■ Your instructions ■
Copy the material below verbatim from the line with "Toyota Camry 2.5 Hybrid Prestige CVT - 16" to the line with "Brit Hotel Essentiel Tours Nord", both lines included, omitting pictures and every line outside that range.

+++

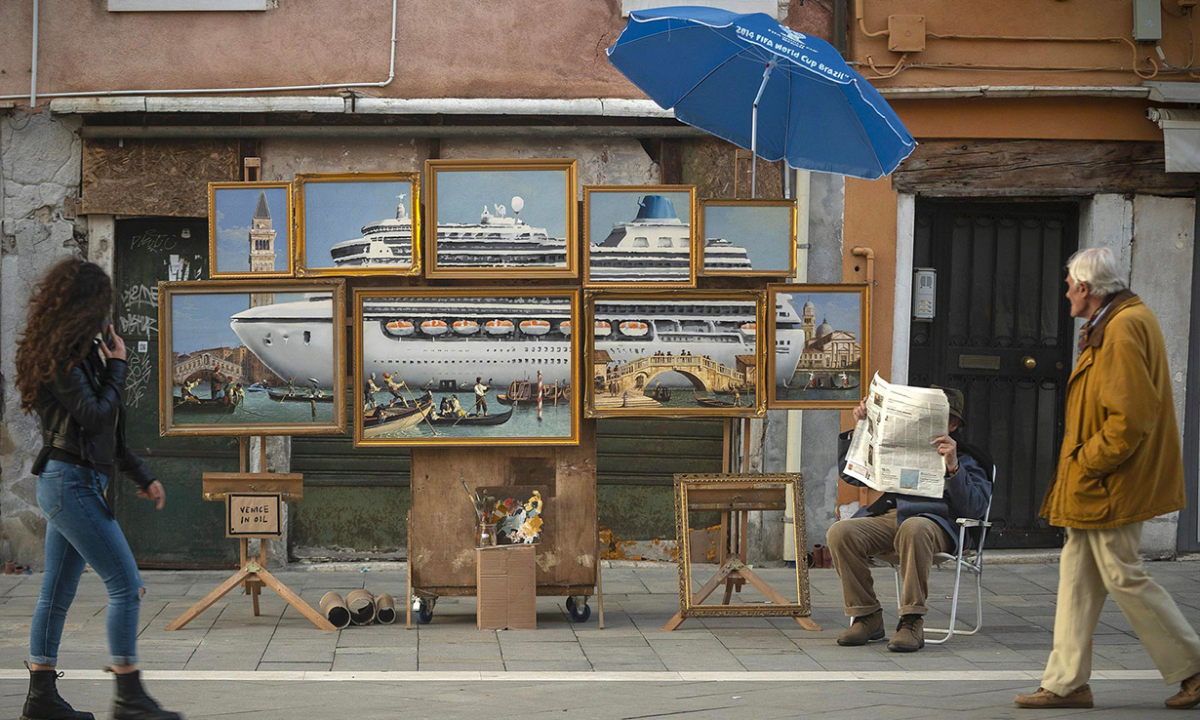 Banksy 于威尼斯街头展出 9 幅画，谴责当地旅游业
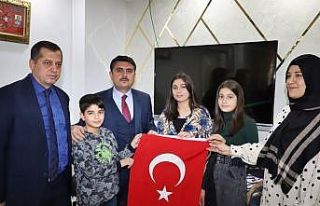 Kaymakam Tunç, şehit ailelerini ziyaret etti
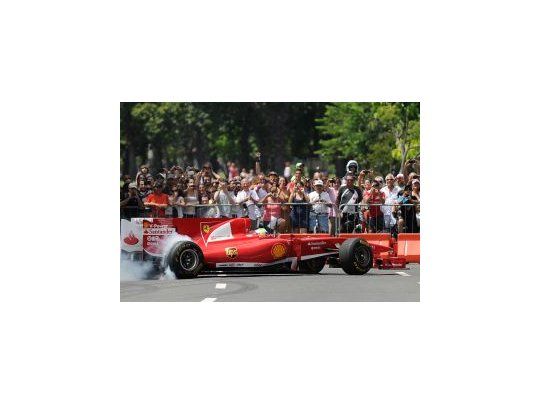 La Ferrari de Felipe Massa desfiló por las calles de Río de Janeiro.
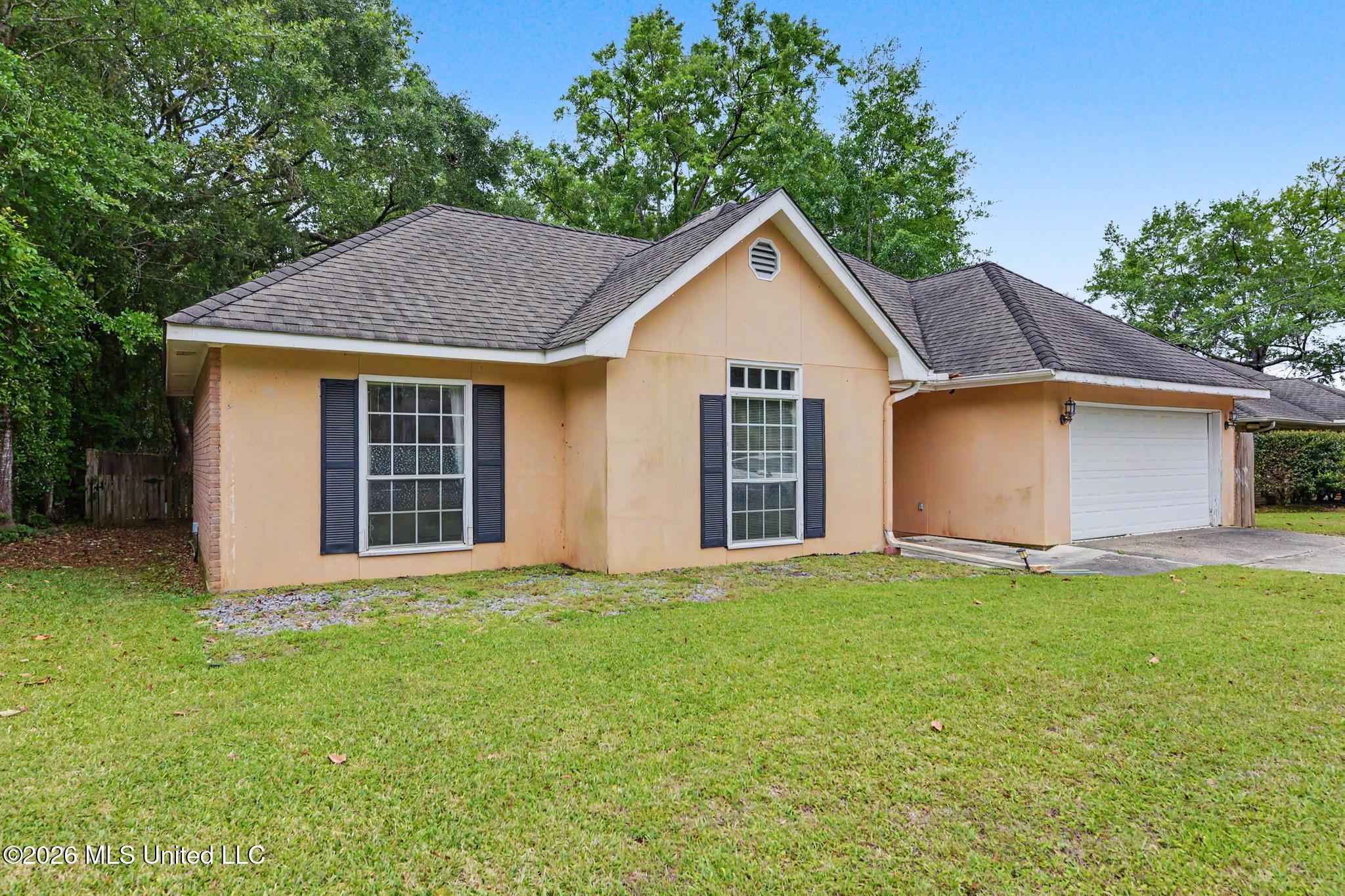 7881 Hilo Way Diamondhead, MS 39525 - Photo 5 of 25 Front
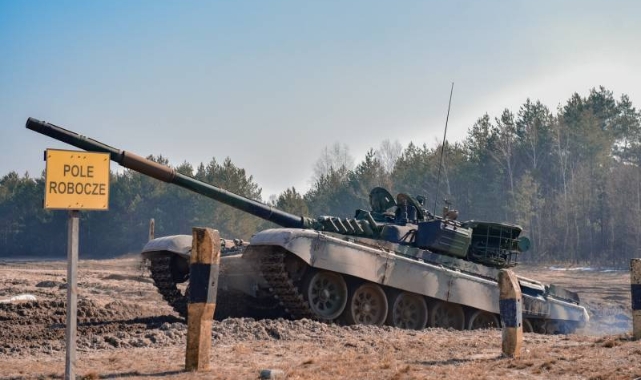 Polonya'ya Ait 100 T-72 'Kayboldu': 'Mutlu Avlar Ukrayna'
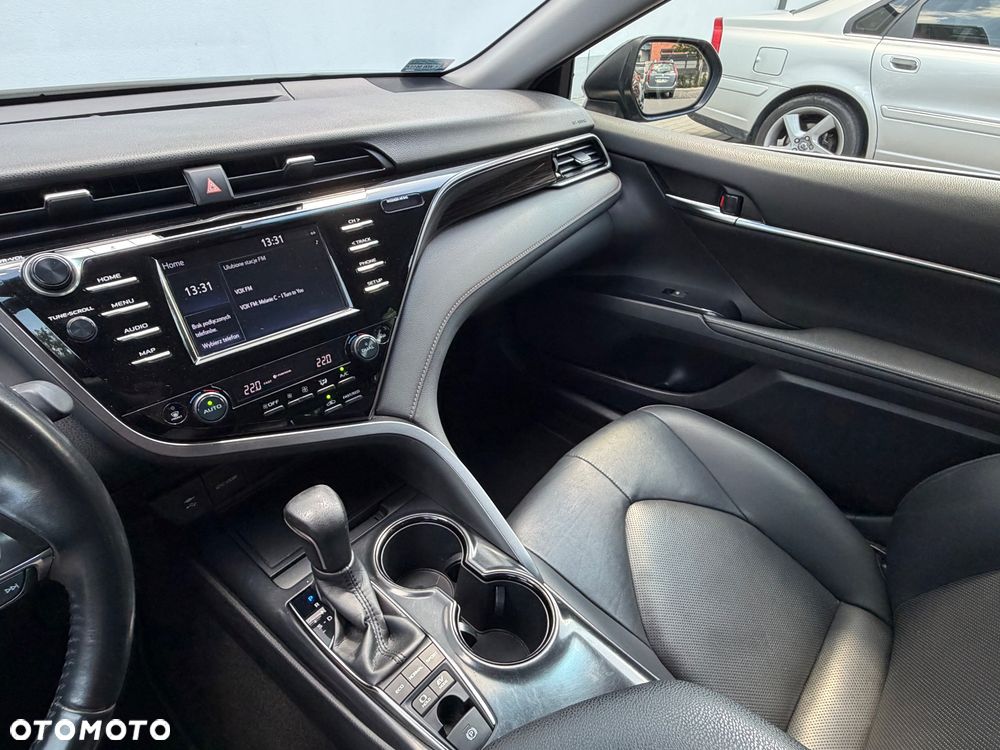 Toyota Camry 2.5 Hybrid Prestige CVT - 16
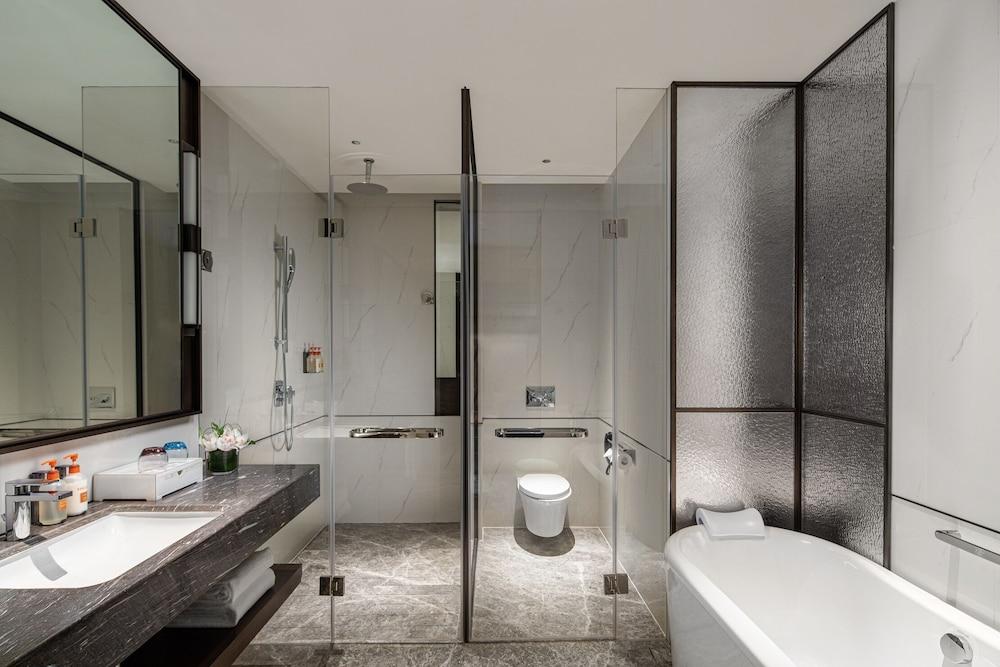 Crowne Plaza Shanghai Hongqiao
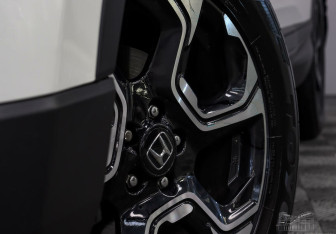 Подержанный автомобиль Honda CR-V 2017 года (7 фото)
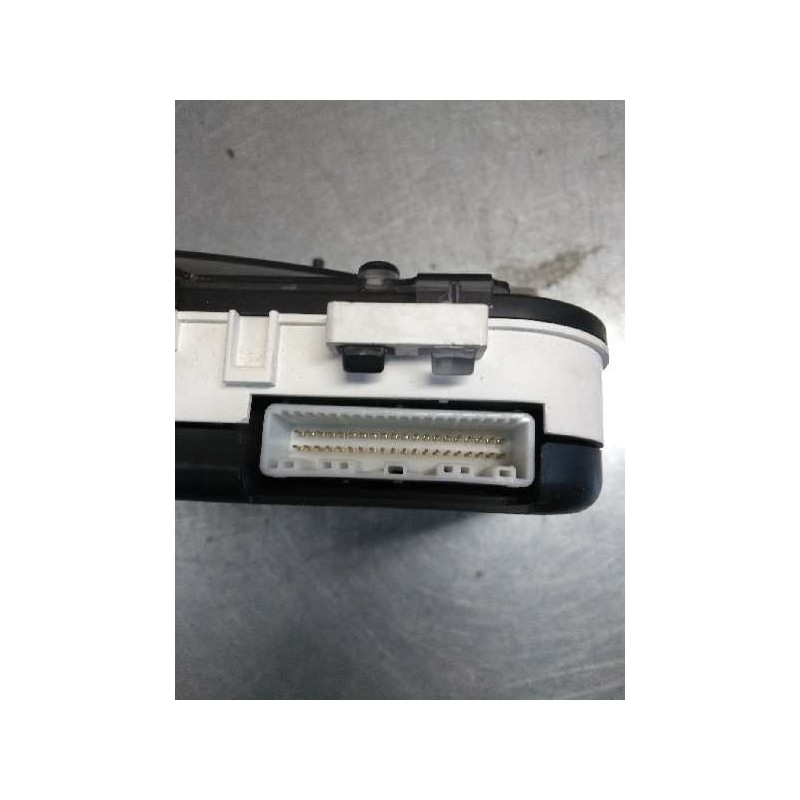 Recambio de cuadro instrumentos para toyota corolla verso (r1) 2.2 turbodiesel cat referencia OEM IAM 838000F091 MB2574308260 M8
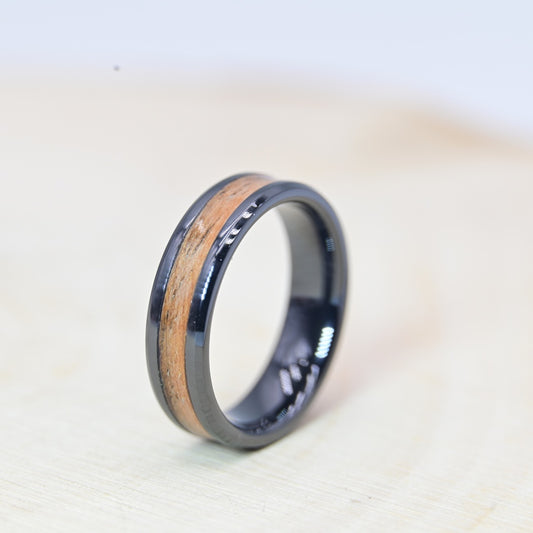 Bague avec Bois de Noyer Français - Céramique Noire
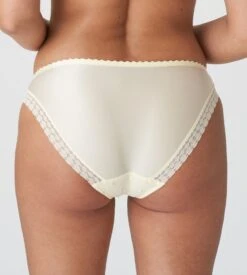 PRIMA DONNA Slip Brésilien Brodé Sedaine French Vanilla -Calida Soldes Magasin slip bresilien brode sedaine french vanilla 4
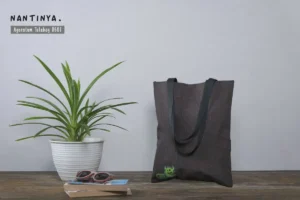 Tas totebag untuk seminar kit ini dirancang untuk memenuhi kebutuhan acara seminar, pelatihan dan workshop. Terbuat dari bahan pilihan yang kuat, tahan lama dan mampu membawa berbagai perlengkapan seminar, seperti buku A4, map A4 dan alat tulis lainnya.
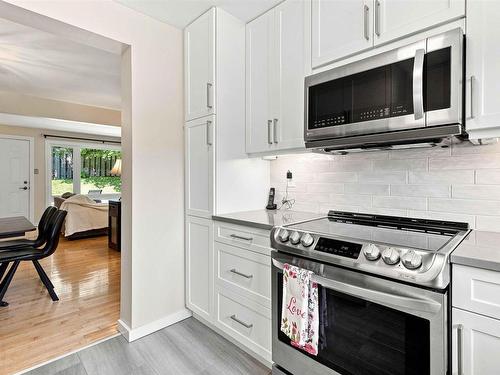 7 Forestside Crescent, Clayton Park, NS - Indoor Photo Showing Kitchen With Upgraded Kitchen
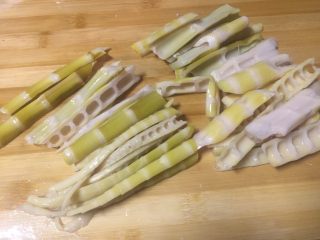 5、唯爱炖鸡~白果肚子松茸多鲜土鸡汤,对刨切开后再切成两节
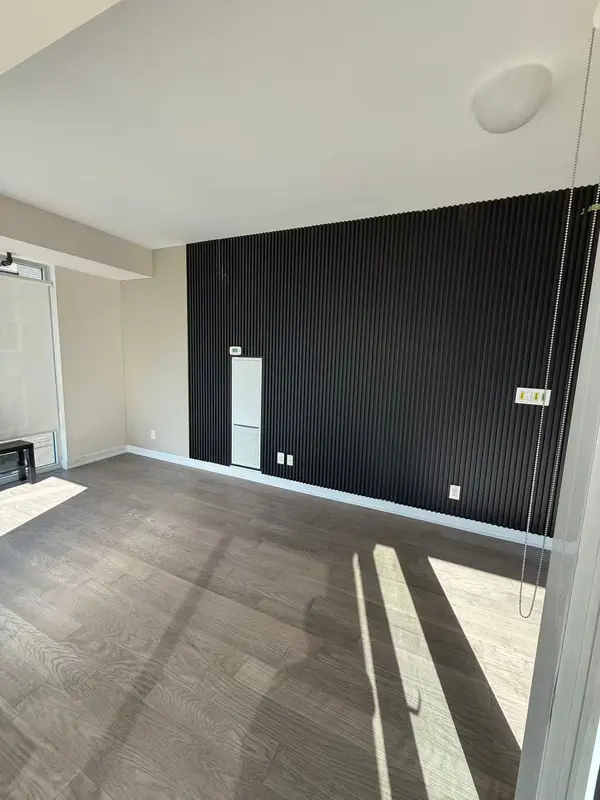 17 Dundonald ST #1607, Toronto C08, ON M4Y 1K3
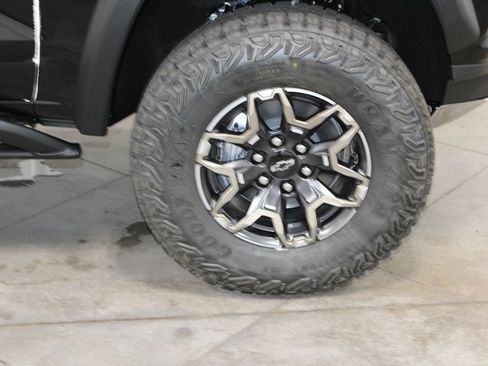New 2026 Chevrolet Colorado ZR2 w/ Technology Package AWD/4WD image 60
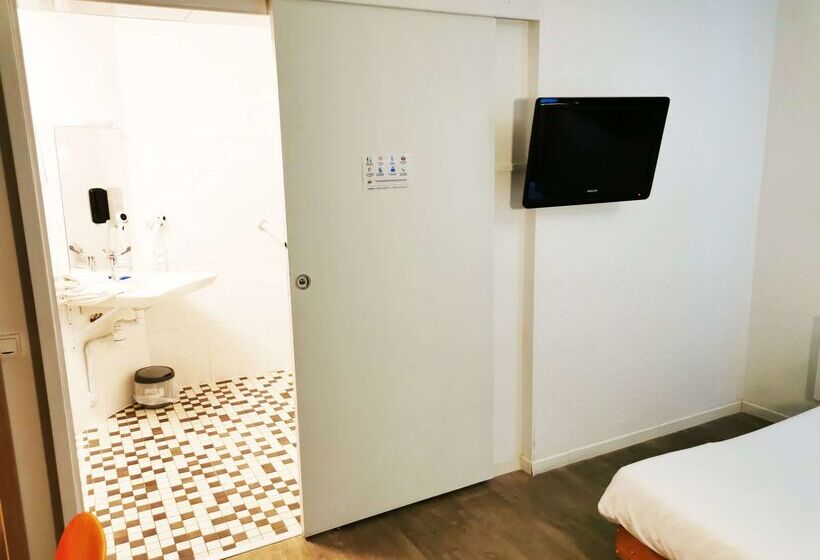 Brit Hotel Essentiel Tours Nord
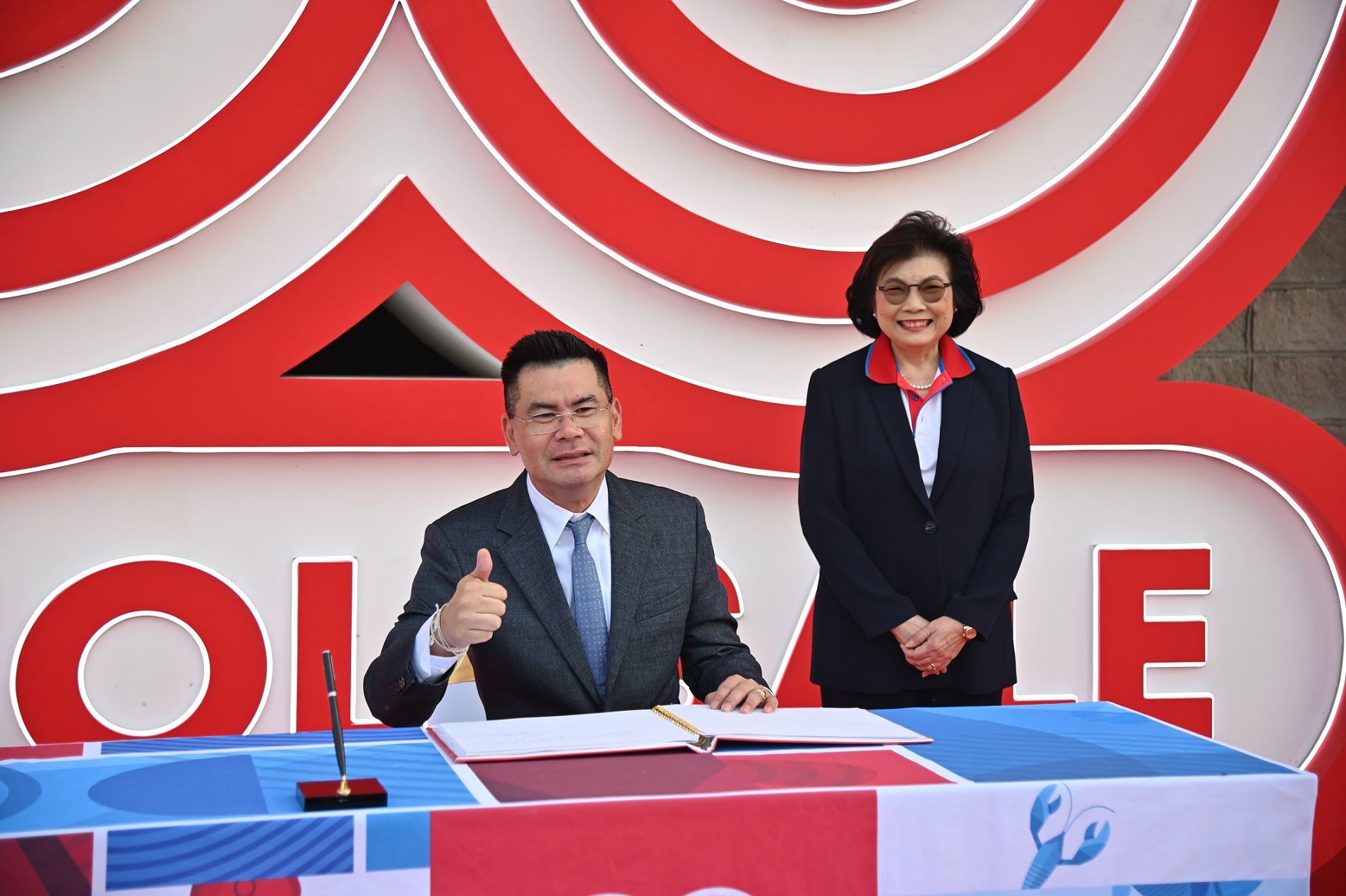 กรมการค้าภายในร่วมเปิดห้าง GO Wholesale สาขาพระราม 2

+++

■ Answer space ■
 Toyota Camry 2.5 Hybrid Prestige CVT - 16
 Crowne Plaza Shanghai Hongqiao
 Подержанный автомобиль Honda CR-V 2017 года (7 фото)
 Recambio de cuadro instrumentos para toyota corolla verso (r1) 2.2 turbodiesel cat referencia OEM IAM 838000F091 MB2574308260 M8
 Bague avec Bois de Noyer Français - Céramique Noire
 PRIMA DONNA Slip Brésilien Brodé Sedaine French Vanilla -Calida Soldes Magasin slip bresilien brode sedaine french vanilla 4
 Tas totebag untuk seminar kit ini dirancang untuk memenuhi kebutuhan acara seminar, pelatihan dan workshop. Terbuat dari bahan pilihan yang kuat, tahan lama dan mampu membawa berbagai perlengkapan seminar, seperti buku A4, map A4 dan alat tulis lainnya.
 7 Forestside Crescent, Clayton Park, NS - Indoor Photo Showing Kitchen With Upgraded Kitchen
 5、唯爱炖鸡~白果肚子松茸多鲜土鸡汤,对刨切开后再切成两节
 17 Dundonald ST #1607, Toronto C08, ON M4Y 1K3
New 2026 Chevrolet Colorado ZR2 w/ Technology Package AWD/4WD image 60
 Brit Hotel Essentiel Tours Nord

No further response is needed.